Dense Semantic Forecasting in Video by Joint Regression of Features and Feature Motion

IEEE Trans Neural Netw Learn Syst. 2023 Sep;34(9):6443-6455. doi: 10.1109/TNNLS.2021.3136624. Epub 2023 Sep 1.

Abstract

Dense semantic forecasting anticipates future events in the video by inferring pixel-level semantics of an unobserved future image. We present a novel approach that is applicable to various single-frame architectures and tasks. Our approach consists of two modules. The feature-to-motion (F2M) module forecasts a dense deformation field that warps past features into their future positions.

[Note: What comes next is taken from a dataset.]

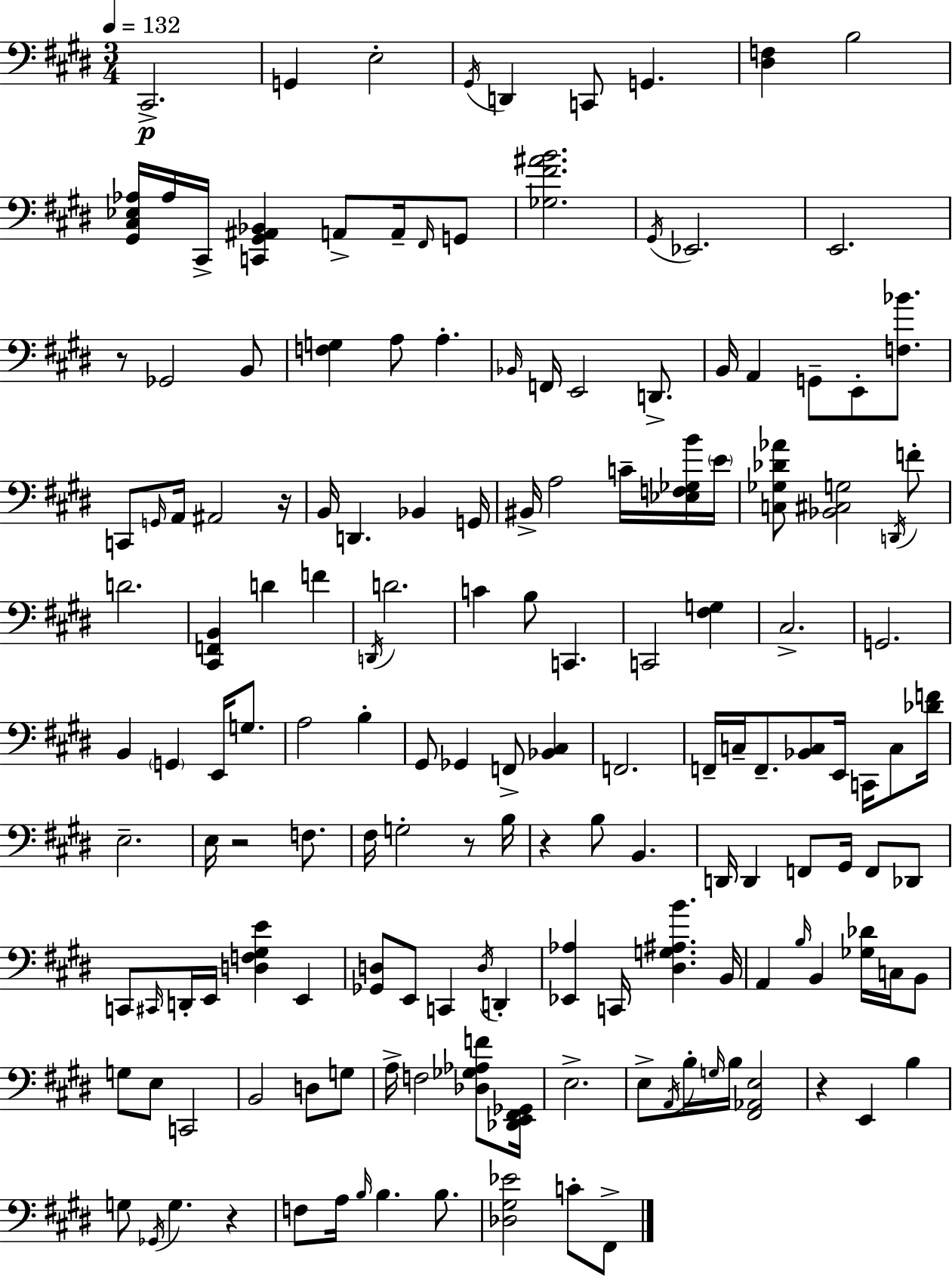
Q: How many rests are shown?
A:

The feature-to-feature (F2F) module regresses the future features directly and is, therefore, able to account for emergent scenery. The compound F2MF model decouples the effects of motion from the effects of novelty in a task-agnostic manner. We aim to apply F2MF forecasting to the most subsampled and the most abstract representation of the desired single-frame model. Our design takes advantage of deformable convolutions and spatial correlation coefficients across neighboring time instants. We perform experiments on three dense prediction tasks: semantic segmentation, instance-level segmentation, and panoptic segmentation. The results reveal state-of-the-art forecasting accuracy across three dense prediction tasks.